Even now, a week after news of the achievement first flew around the globe, traces of astonishment linger in the air like a contrail. The landmark paper published late last week in the journal Nature confirmed what the headlines had been screaming for days: researchers at the Roslin Institute near Edinburgh, Scotland, had indeed pulled off what many experts thought might be a scientific impossibility. From a cell in an adult ewe’s mammary gland, embryologist Ian Wilmut and his colleagues managed to create a frisky lamb named Dolly (with apologies to Ms. Parton), scoring an advance in reproductive technology as unsettling as it was startling. Unlike offspring produced in the usual fashion, Dolly does not merely take after her biological mother. She is a carbon copy, a laboratory counterfeit so exact that she is in essence her mother’s identical twin.

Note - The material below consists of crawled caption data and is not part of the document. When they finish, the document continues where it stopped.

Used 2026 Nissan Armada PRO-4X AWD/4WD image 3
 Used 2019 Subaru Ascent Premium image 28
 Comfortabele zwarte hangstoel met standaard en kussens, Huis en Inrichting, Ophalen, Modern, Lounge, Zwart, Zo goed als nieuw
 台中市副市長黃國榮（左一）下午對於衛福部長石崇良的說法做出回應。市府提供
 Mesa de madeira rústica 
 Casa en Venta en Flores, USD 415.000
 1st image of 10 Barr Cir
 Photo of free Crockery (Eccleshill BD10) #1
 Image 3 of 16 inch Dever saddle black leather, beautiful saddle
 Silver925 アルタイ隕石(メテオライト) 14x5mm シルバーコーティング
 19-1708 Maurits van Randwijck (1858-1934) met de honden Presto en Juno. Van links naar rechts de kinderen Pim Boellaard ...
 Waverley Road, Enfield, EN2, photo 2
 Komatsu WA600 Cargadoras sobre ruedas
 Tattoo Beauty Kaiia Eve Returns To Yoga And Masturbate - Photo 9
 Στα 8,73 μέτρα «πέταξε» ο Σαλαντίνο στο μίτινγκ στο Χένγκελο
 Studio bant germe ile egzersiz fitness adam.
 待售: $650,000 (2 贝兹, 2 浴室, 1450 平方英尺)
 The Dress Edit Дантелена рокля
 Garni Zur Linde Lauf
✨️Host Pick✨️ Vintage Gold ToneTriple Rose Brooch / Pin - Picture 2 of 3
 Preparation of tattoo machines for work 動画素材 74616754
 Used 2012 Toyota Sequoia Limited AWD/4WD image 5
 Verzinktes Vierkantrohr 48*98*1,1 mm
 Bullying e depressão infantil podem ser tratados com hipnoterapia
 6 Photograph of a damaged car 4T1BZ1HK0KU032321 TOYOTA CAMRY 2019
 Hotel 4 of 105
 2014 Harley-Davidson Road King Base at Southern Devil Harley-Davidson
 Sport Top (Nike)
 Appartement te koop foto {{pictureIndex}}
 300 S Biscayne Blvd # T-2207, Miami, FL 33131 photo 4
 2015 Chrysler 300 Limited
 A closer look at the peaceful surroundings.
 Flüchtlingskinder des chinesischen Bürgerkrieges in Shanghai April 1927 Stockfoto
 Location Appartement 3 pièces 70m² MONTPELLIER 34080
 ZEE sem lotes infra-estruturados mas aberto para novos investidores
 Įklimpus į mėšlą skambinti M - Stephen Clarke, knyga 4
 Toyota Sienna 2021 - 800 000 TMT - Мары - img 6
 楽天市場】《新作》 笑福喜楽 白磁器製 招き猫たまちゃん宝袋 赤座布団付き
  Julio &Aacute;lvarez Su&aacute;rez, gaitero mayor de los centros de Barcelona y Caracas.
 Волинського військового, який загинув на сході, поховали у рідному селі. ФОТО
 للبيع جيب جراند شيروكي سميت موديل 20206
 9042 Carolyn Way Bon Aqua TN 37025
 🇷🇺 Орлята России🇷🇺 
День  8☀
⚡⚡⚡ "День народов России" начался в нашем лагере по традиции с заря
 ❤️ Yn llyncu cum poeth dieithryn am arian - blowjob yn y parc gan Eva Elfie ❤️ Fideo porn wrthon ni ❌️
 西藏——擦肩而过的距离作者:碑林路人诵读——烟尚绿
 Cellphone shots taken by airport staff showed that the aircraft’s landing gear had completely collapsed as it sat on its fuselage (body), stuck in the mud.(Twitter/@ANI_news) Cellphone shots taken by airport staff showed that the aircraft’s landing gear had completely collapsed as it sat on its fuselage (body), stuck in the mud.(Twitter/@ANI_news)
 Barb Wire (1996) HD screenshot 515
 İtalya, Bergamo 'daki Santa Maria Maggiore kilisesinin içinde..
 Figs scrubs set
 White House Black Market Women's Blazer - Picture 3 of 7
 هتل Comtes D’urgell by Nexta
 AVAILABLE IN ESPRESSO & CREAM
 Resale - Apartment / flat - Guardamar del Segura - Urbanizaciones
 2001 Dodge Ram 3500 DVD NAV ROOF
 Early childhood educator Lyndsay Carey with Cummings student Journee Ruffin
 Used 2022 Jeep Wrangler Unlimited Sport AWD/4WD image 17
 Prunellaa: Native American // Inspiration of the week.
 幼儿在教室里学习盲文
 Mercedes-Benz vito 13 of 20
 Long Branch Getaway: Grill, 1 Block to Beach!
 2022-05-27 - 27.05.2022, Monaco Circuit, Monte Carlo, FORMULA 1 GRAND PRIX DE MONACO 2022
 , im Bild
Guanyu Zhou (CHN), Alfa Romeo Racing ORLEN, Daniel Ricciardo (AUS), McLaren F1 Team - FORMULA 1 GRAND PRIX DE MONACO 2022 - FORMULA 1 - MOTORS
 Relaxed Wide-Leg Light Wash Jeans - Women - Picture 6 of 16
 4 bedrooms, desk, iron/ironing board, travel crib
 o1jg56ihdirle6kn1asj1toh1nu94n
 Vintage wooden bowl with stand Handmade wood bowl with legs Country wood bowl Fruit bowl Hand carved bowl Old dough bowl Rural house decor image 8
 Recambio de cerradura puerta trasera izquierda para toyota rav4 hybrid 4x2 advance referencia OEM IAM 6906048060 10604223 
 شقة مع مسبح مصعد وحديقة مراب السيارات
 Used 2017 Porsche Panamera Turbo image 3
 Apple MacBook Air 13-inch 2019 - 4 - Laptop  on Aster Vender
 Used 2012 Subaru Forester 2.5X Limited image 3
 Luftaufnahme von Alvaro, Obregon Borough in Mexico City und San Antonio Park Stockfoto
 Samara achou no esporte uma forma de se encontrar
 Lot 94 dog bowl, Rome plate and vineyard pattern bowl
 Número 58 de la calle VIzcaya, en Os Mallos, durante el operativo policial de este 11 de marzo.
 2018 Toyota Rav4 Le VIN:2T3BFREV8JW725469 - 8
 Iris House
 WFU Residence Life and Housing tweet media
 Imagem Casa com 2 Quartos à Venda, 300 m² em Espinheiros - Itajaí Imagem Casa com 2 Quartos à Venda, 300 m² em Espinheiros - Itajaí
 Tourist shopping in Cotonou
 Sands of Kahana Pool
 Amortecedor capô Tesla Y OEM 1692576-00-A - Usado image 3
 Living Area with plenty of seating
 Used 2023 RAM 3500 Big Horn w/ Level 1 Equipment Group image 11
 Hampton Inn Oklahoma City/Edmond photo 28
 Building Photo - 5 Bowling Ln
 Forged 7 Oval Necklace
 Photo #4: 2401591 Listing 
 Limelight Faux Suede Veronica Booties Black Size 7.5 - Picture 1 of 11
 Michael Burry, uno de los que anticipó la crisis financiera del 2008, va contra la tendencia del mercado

What enabled the Scottish team to succeed where so many others have failed was a trick so ingenious, yet so simple, that any skilled laboratory technician should be able to master it–and therein lies both the beauty and the danger: once Wilmut and his colleagues figured out how to cross that biological barrier, they ensured that others would follow. And although the Roslin researchers had to struggle for more than 10 years to achieve their breakthrough, it took political and religious leaders around the world no time at all to grasp its import: if scientists can clone sheep, they can probably clone people too.
Without question, this exotic form of reproductive engineering could become an extremely useful tool. The ability to clone adult mammals, in particular, opens up myriad exciting possibilities, from propagating endangered animal species to producing replacement organs for transplant patients. Agriculture stands to benefit as well. Dairy farmers, for example, could clone their champion cows, making it possible to produce more milk from smaller herds. Sheep ranchers could do the same with their top lamb and wool producers.
But it’s also easy to imagine the technology being misused, and as news from Roslin spread, apocalyptic scenarios proliferated. Journalists wrote seriously about the possibility of virgin births, resurrecting the dead and women giving birth to themselves. On the front page of the New York Times, a cell biologist from Washington University in St. Louis, Missouri, named Ursula Goodenough quipped that if cloning were perfected, “there’d be no need for men.”
Scientists have long dreamed of doing what the Roslin team did. After all, if starfish and other invertebrates can practice asexual reproduction, why can’t it be extended to the rest of the animal kingdom? In the 1980s, developmental biologists at what is now Allegheny University of the Health Sciences came tantalizingly close. From the red blood cells of an adult frog, they raised a crop of lively tadpoles. These tadpoles were impressive creatures, remembers University of Minnesota cell biologist Robert McKinnell, who followed the work closely. “They swam and ate and developed beautiful eyes and hind limbs,” he says. But then, halfway through metamorphosis, they died.
Scientists who have focused their cloning efforts on more forgiving embryonic tissue have met with greater success. A simple approach, called embryo twinning (literally splitting embryos in half), is commonly practiced in the cattle industry. Coaxing surrogate cells to accept foreign DNA is a bit trickier. In 1952 researchers in Pennsylvania successfully cloned a live frog from an embryonic cell. Three decades later, researchers were learning to do the same with such mammals as sheep and calves. “What’s new,” observes University of Wisconsin animal scientist Neal First, “is not cloning mammals. It’s cloning mammals from cells that are not embryonic.”
Embryo cells are infinitely easier to work with because they are, in the jargon of cell biologists, largely “undifferentiated.” That is, they have not yet undergone the progressive changes that turn cells into skin, muscles, hair, brain and so on. An undifferentiated cell can give rise to all the other cells in the body, say scientists, because it is capable of activating any gene on any chromosome. But as development progresses, differentiation alters the way DNA–the double-stranded molecule that makes up genes–folds up inside the nucleus of a cell. Along with other structural changes, folding helps make vast stretches of DNA inaccessible, ensuring that genes in adult cells do not turn on at the wrong time or in the wrong tissue.
The disadvantage of embryonic cloning is that you don’t know what you are getting. With adult-cell cloning, you can wait to see how well an individual turns out before deciding whether to clone it. Cloning also has the potential to make genetic engineering more efficient. Once you produce an animal with a desired trait–a pig with a human immune system, perhaps–you could make as many copies as you want.
In recent years, some scientists have speculated that the changes wrought by differentiation might be irreversible, in which case cloning an adult mammal would be biologically impossible. The birth of Dolly not only proves them wrong but also suggests that the difficulty scientists have had cloning adult cells may have less to do with biology than with technique.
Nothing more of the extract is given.